WORK TASK ▸
Only one stretch of the data is wanted: the line containing "SWISS KOPPER - LOT", the line containing "Loft Women High Waist Skinny Belted Jeans", and every line between them, copied exactly.

SUPPLIED RECORDS ▸
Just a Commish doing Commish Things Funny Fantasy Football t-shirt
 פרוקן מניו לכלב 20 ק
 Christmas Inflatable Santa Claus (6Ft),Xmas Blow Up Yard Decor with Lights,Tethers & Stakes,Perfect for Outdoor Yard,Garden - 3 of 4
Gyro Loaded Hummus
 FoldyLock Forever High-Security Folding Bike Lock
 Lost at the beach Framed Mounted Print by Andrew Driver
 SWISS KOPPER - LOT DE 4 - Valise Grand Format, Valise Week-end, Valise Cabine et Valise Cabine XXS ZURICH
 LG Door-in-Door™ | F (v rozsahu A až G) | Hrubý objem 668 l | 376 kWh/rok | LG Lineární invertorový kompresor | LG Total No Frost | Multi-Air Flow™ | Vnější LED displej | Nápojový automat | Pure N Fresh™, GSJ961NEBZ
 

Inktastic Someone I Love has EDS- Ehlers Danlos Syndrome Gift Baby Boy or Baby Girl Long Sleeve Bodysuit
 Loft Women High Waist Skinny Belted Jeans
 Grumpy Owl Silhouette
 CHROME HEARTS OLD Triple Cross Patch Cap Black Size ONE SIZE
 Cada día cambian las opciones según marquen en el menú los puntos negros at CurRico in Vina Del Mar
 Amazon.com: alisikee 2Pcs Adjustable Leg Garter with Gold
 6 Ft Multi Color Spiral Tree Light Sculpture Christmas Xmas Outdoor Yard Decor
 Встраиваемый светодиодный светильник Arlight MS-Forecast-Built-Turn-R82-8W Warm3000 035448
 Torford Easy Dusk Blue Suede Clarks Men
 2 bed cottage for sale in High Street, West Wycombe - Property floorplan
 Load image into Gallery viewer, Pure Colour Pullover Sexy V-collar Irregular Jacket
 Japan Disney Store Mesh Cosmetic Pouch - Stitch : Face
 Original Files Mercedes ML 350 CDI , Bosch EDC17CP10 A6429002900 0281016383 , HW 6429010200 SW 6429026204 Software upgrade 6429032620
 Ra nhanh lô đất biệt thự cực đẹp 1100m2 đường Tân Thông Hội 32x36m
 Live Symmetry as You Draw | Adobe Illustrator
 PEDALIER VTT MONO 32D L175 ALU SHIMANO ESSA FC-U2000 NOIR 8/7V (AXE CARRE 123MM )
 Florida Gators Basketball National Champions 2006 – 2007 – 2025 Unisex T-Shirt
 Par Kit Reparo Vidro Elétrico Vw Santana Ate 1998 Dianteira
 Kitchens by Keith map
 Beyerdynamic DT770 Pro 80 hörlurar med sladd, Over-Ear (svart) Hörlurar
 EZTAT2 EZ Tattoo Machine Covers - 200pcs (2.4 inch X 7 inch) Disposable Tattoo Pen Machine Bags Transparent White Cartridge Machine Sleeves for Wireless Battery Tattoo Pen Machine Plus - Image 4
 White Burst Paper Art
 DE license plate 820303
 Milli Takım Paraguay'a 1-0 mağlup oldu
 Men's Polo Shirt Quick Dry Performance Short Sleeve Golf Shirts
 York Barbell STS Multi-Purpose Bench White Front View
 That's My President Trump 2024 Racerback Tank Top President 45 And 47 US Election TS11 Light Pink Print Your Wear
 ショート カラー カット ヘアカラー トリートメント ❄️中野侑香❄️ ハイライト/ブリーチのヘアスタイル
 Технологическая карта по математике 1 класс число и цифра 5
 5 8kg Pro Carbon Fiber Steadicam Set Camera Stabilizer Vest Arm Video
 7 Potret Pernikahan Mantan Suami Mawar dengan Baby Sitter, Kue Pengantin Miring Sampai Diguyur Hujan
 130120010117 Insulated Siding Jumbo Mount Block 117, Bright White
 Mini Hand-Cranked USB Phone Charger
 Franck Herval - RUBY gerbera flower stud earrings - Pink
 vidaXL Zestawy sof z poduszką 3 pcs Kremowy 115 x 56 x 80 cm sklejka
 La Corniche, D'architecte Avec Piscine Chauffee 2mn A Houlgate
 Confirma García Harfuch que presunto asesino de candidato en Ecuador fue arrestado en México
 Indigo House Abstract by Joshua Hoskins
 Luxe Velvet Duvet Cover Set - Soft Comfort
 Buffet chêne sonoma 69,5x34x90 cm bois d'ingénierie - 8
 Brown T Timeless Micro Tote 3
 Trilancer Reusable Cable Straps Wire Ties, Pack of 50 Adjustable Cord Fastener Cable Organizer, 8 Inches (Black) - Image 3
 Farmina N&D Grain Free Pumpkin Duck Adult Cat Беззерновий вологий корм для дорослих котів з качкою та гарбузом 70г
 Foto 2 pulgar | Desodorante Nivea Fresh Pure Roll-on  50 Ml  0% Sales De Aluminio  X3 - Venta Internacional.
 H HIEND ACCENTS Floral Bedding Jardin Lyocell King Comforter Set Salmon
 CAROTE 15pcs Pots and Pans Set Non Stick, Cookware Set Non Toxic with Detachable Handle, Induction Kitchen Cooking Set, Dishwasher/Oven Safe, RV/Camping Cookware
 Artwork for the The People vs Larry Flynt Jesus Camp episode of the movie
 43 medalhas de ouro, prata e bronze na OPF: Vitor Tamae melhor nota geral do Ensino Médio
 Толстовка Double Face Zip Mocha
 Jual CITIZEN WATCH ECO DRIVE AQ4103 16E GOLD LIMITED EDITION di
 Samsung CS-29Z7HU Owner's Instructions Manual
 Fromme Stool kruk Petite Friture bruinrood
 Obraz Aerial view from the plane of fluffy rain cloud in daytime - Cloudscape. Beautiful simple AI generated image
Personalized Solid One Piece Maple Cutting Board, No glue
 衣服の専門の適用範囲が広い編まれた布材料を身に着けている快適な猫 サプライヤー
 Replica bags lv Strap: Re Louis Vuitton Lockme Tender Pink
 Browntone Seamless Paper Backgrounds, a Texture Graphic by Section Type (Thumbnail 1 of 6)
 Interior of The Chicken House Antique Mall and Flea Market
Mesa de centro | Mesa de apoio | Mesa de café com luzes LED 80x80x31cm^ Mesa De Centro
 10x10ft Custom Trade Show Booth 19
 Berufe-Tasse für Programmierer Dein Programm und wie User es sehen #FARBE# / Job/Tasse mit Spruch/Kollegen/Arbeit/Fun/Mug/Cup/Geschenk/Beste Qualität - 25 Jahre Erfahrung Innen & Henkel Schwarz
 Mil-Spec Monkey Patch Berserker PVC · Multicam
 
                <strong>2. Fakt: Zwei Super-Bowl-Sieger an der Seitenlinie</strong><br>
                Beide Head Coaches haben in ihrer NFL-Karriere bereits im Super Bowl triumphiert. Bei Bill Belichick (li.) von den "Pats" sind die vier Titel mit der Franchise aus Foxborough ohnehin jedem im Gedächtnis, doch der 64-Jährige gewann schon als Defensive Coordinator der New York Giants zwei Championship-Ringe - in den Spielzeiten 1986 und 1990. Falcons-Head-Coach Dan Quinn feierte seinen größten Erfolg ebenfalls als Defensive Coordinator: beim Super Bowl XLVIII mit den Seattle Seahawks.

OUTPUT OF THE EXERCISE ▸
 SWISS KOPPER - LOT DE 4 - Valise Grand Format, Valise Week-end, Valise Cabine et Valise Cabine XXS ZURICH
 LG Door-in-Door™ | F (v rozsahu A až G) | Hrubý objem 668 l | 376 kWh/rok | LG Lineární invertorový kompresor | LG Total No Frost | Multi-Air Flow™ | Vnější LED displej | Nápojový automat | Pure N Fresh™, GSJ961NEBZ
 

Inktastic Someone I Love has EDS- Ehlers Danlos Syndrome Gift Baby Boy or Baby Girl Long Sleeve Bodysuit
 Loft Women High Waist Skinny Belted Jeans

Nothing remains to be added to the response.